Una de las dos rocas lunares analizadas en el estudio. Ambos fueron recolectados del norte de Oceanus Procellarum.

Brad Jolliff, director del Centro McDonnell de Ciencias Espaciales de la Universidad de Washington en St. Louis, ha colaborado con científicos en las misiones Chang’e durante una década. Jolliff, coautor del presente estudio, recuerda que “todas las rocas volcánicas recolectadas por el Apolo tenían más de 3.000 millones de años ”. Al mismo tiempo, agrega que «todos los cráteres de impacto recientes datados del análisis de estas muestras tienen menos de mil millones de años». Entonces, concluye, “los campeones de Chang’e-5 llenan un vacío crítico ”.

De hecho, para escribir la historia de la Luna, los científicos se han basado en dos elementos: por un lado, la edad de las rocas, que se estima por las variaciones de algunos elementos radiactivos presentes en ellas, como los isótopos del plomo. . El otro pilar de la cronología lunar son sus cráteres. En una versión simple de esta técnica de datación, cuantos más impactos tenga un área de satélite determinada, más antigua debe ser. De hecho, los responsables de la misión Chang’e-5 eligieron un área al norte del Oceanus Procellarum para el aterrizaje por ser una de las áreas con menor densidad de cráteres, es decir, es más reciente. Ahora, con los nuevos campeones, podrán mejorar su conocimiento del pasado lunar.

El estudio también detalla la composición de las dos rocas lunares. El mineral más abundante es el piroxeno, seguido de la plagioclasa (algo parecido a los basaltos terrestres, pero con mayor abundancia de ilmenita, un óxido de hierro y titanio) que estos, que es normal en los basaltos lunares. En realidad una roca no muy diferente a las lavas que se están formando en la erupción de La Palma.

Pero estos dos guijarros de menos de cuatro milímetros también podrían arrojar luz sobre episodios aún oscuros en la evolución de la Tierra. En el planeta, la corteza terrestre flota sobre un manto más o menos fluido. Eso se agrieta en placas tectónicas y ahí es donde están, como las dorsales oceánicas o las zonas de subducción, donde una placa se hunde debajo de la otra, donde emerge el magma. Pero hay otras formas en que el manto libera calor y presión: los llamados puntos calientes (punto de acceso, en inglés). Estas son áreas con alta actividad volcánica pero lejos de crestas y colisiones de placas. Sobre ellos y gracias a ellos se formó buena parte de las islas oceánicas: Hawai, Semana Santa, Azores o Canarias.

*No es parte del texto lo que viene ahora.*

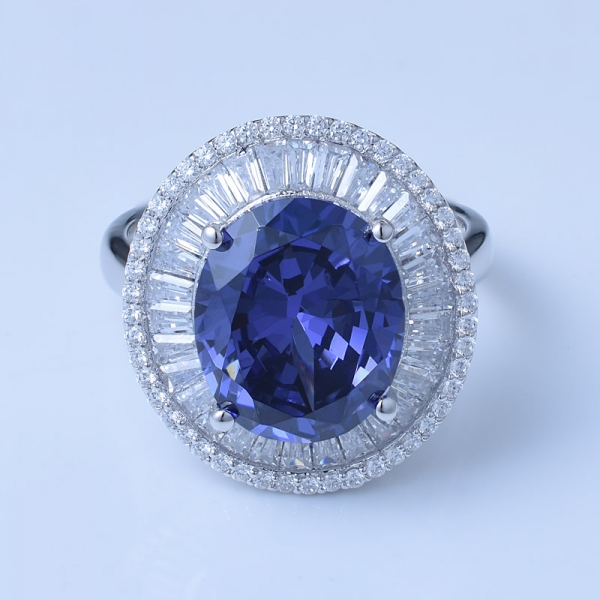 5 Karat oval blau Tansanit CZ Rhodium über Sterling Silber Diamant Eheringe 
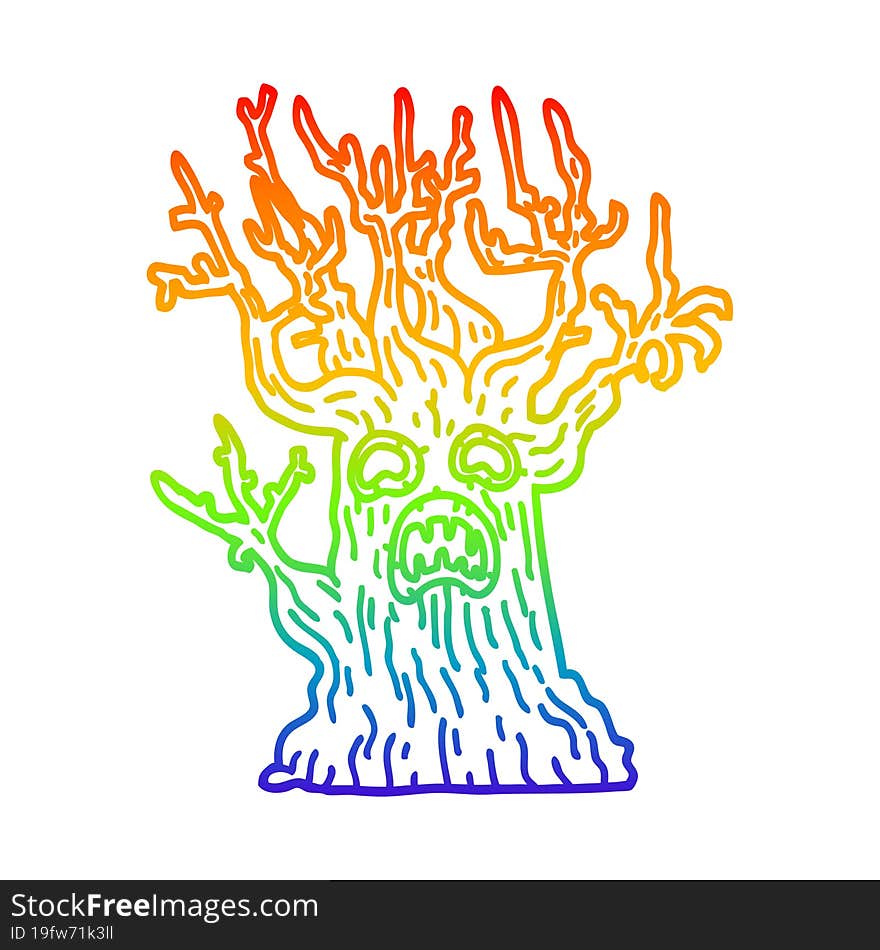 rainbow gradient line drawing cartoon spooky tree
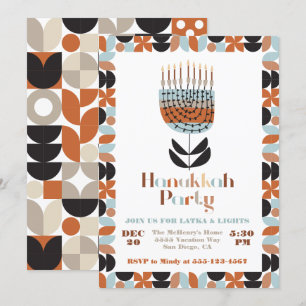Hanukkah Mod Menorah Party Invitation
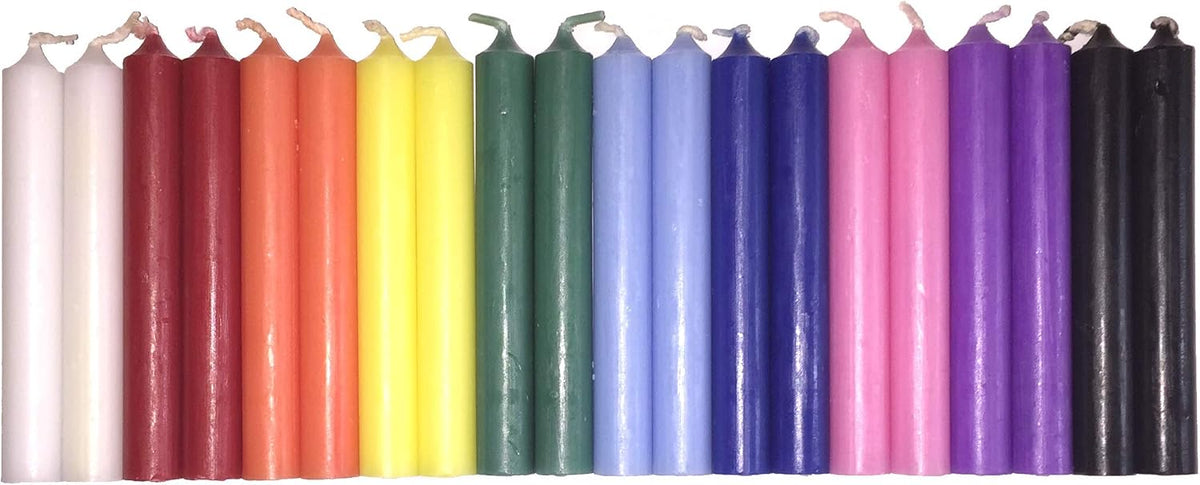 Biedermann & Sons Multicolor Chime Candles (Set of 20), Unscented Dripless Tapers, 4 Inch Tall 0.5 Inch Diameter, 2 Hour Burn, Colorful Sticks for Angel Chime Carousels and Chime Holders
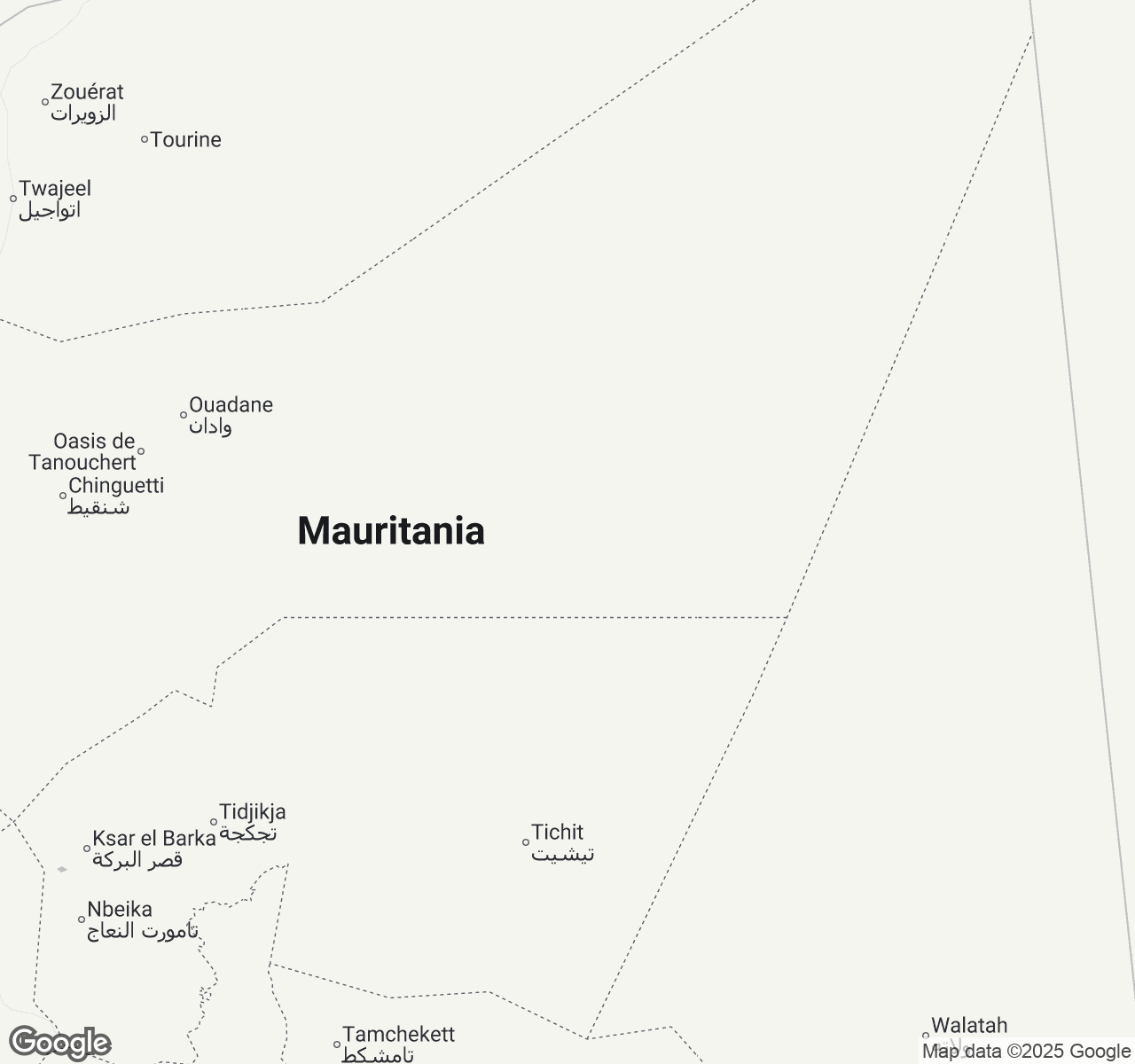 Map of Mauritania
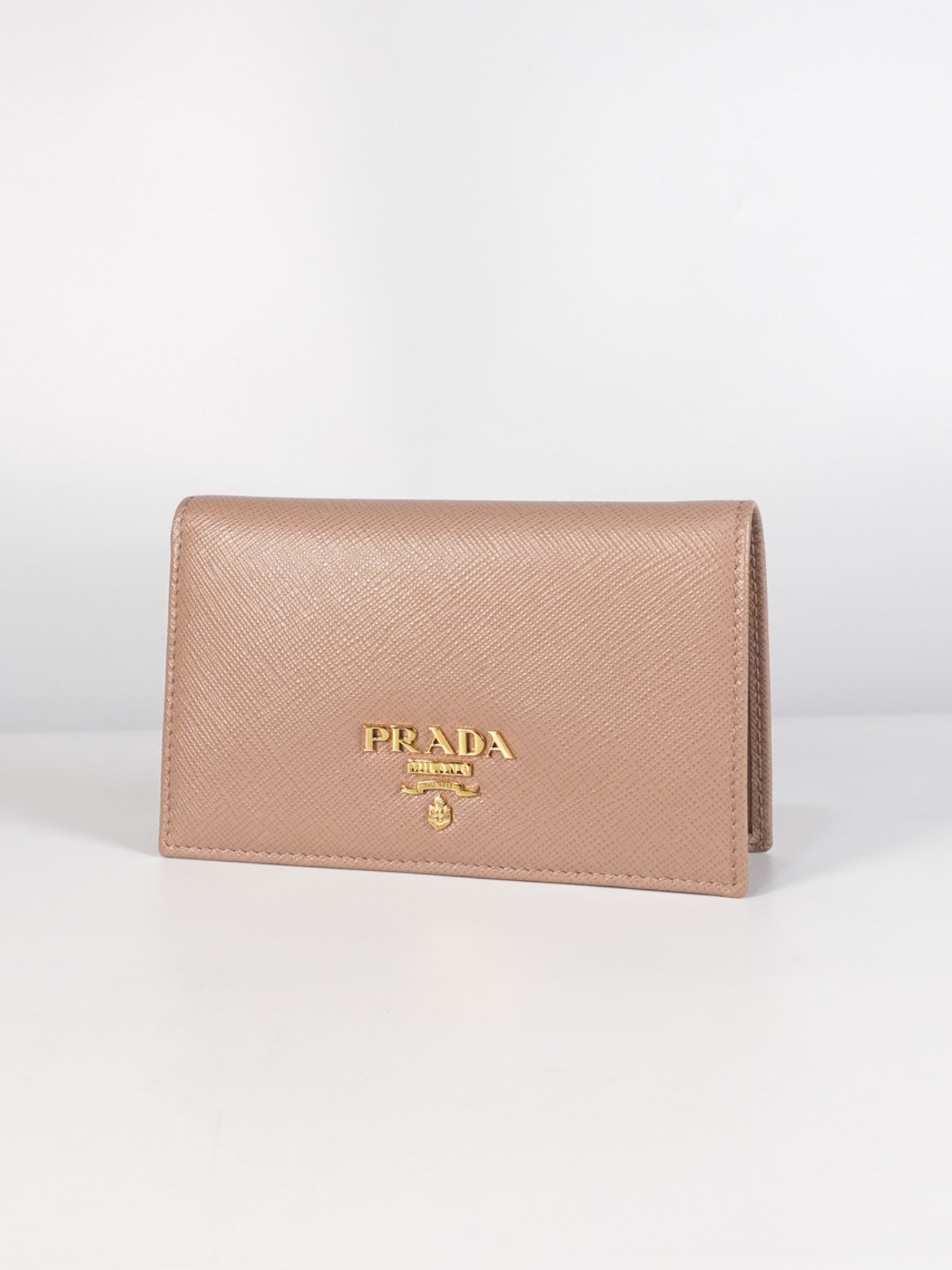 1MV020 Card Holder in Cipria/Beige Saffiano Leather | Purse Maison Luxury Bags Shop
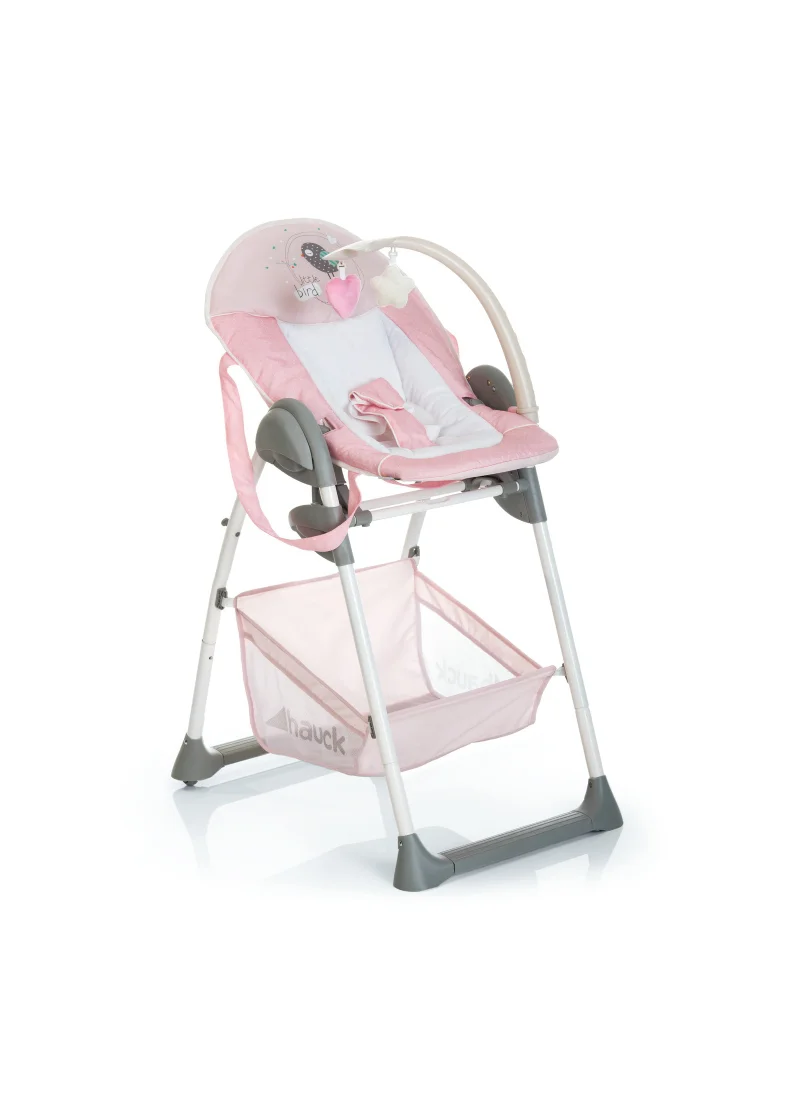 هوك Grow - Along Highchair Sit N Relax , New - Born Attachment From Birth To 9 Kg , Toddler Seat Up To 15 Kg , Height - Adjustable , Foldable , Wheels , Play Arch , Tray , Basket , Pink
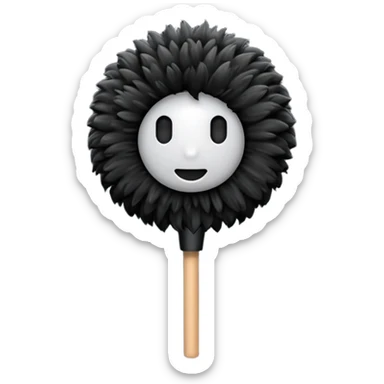boom fluffy microphone with stick sticker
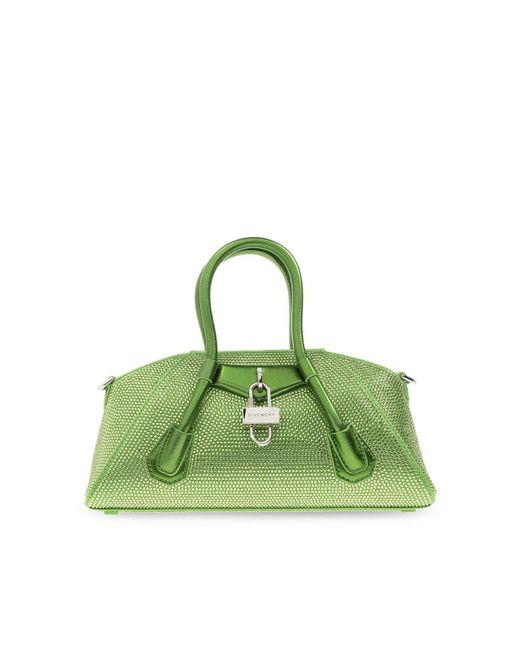 Givenchy Green Antigona Embellished Mini Top Handle Bag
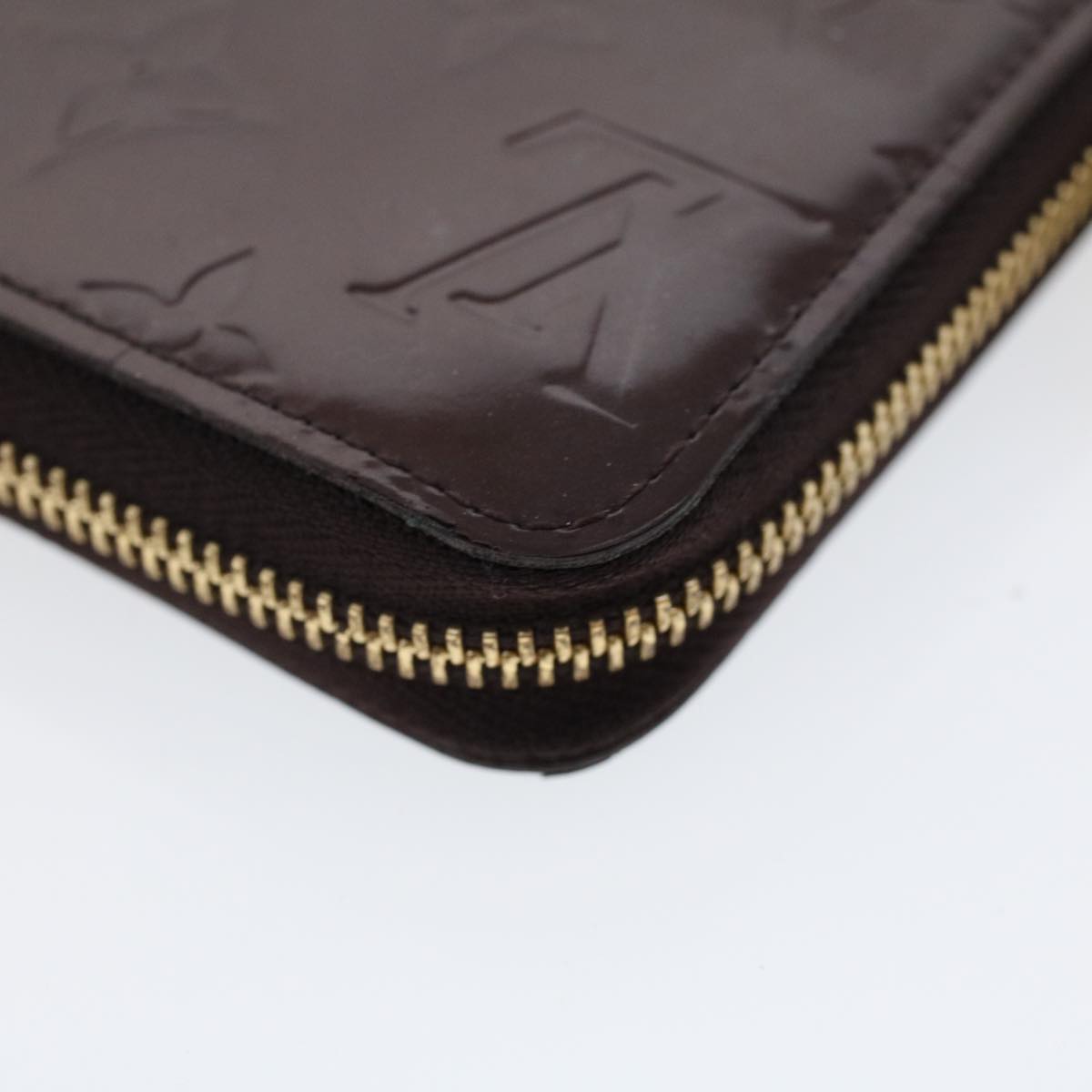 Louis Vuitton Portefeuille Zippy Burgundy Patent Leather Wallet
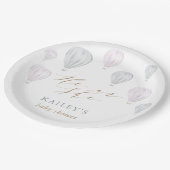 Hij of zij maakt het Baby shower van de luchtballo Papieren Bordje (Gekanteld)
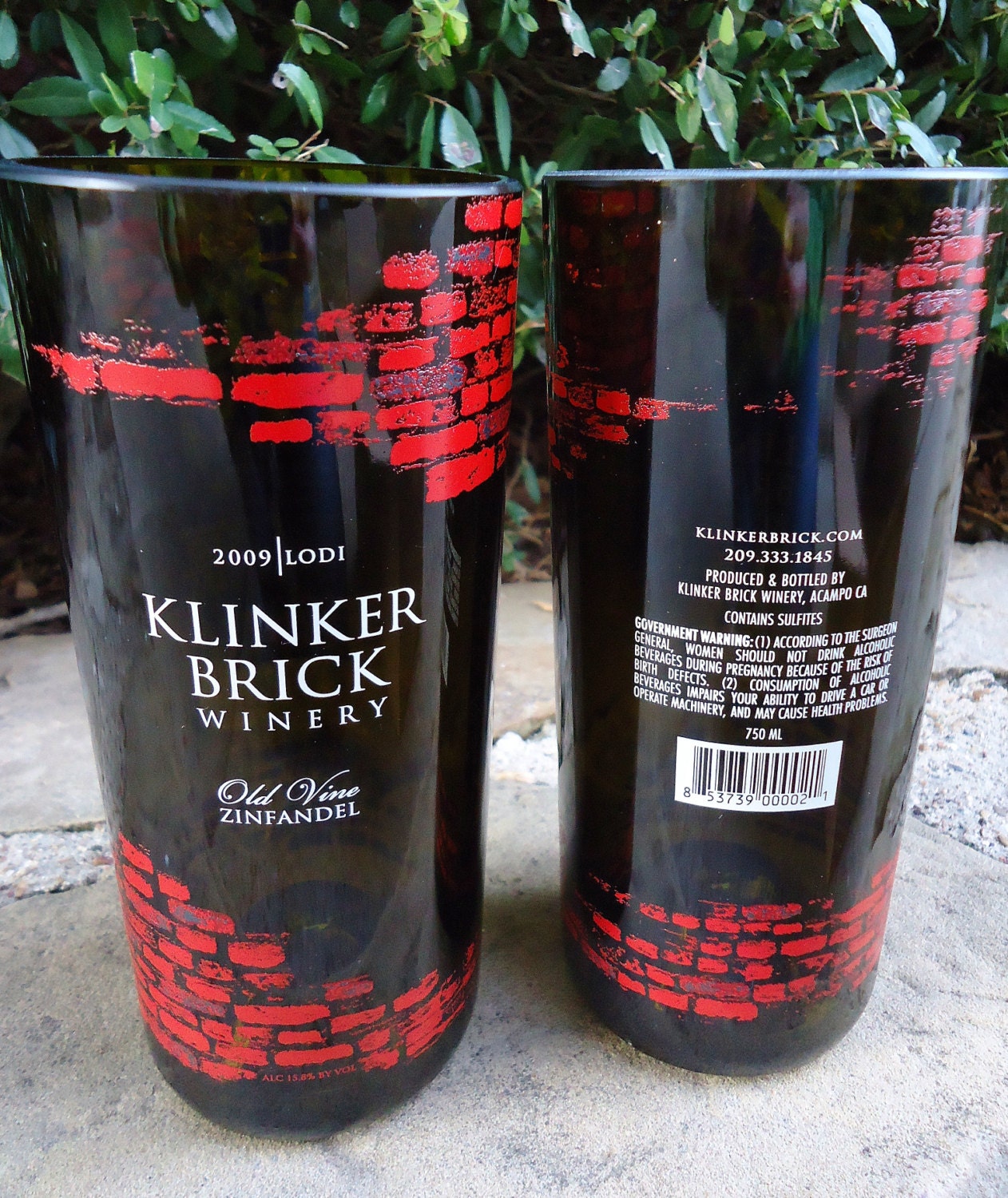 Recycled Wine Bottle Glasses Klinker Brick Winery Zinfandel Set of 2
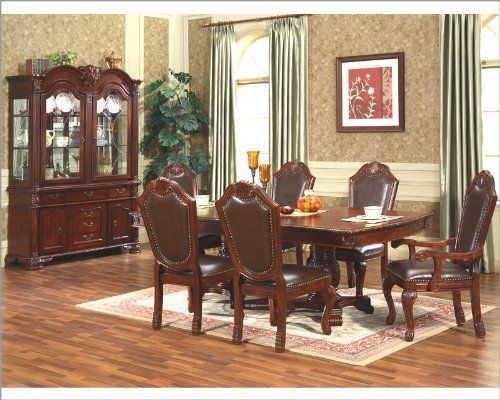 7pc Formal Dining Room Set in Classic Cherry MCFD5004 by MCF Home .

El catedrático de petrología de la Universidad de Barcelona Domingo Gimeno “Todo el mundo pensaba que estaba térmicamente muerta mil millones de años antes que estas rocas. Entonces, ¿qué sucedió para reactivar 1.000 millones más tarde? Los autores no dan la respuesta definitiva, pero es probable que los puntos calientes similares a la Tierra persistieran en áreas muy localizadas del manto, dando lugar a estas rocas volcánicas.

“Gracias a la tectónica de placas, puedes retroceder unos mil millones de años, pero llega un momento en el que no tenemos pruebas de cómo funcionaron las cosas aquí. En la Luna [donde no hay placas tectónicas] tienes algo como aa punto de acceso que tiene 2 mil millones de años. Estos te dan una idea de cómo podría haber sido el flujo de calor y materia hacia la corteza terrestre cuando aún no estábamos trabajando con la tectónica de placas ”, dice Gimeno. Para él, en su valoración de esta investigación, “no es tanto lo que han encontrado, sino lo que verán los demás. [en estas rocas]como clave para entender una tierra ancestral de la que tenemos muy poca evidencia ”.